Pictures with short captions:
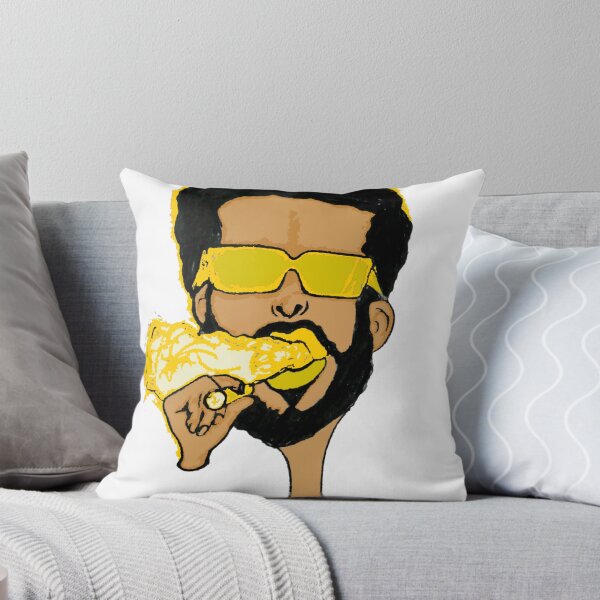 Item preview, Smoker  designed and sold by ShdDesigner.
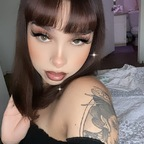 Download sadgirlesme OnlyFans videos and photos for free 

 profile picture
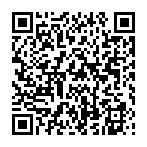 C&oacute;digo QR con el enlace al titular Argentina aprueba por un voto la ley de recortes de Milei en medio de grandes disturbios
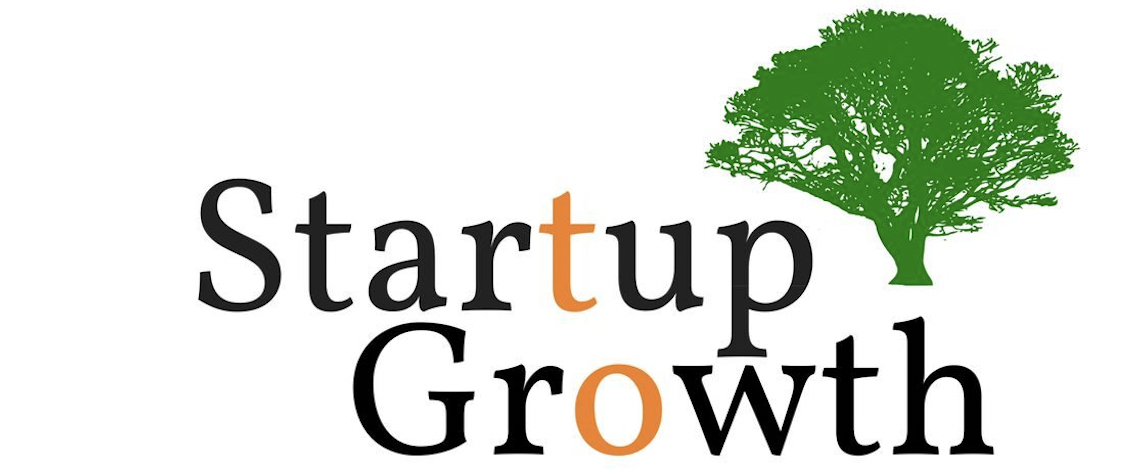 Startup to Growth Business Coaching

- _Prompt_:
I would like the data above transcribed exactly, with its pictures left out.

- _Written solution_:
 Item preview, Smoker  designed and sold by ShdDesigner.
 Download sadgirlesme OnlyFans videos and photos for free 

 profile picture
 C&oacute;digo QR con el enlace al titular Argentina aprueba por un voto la ley de recortes de Milei en medio de grandes disturbios
 Startup to Growth Business Coaching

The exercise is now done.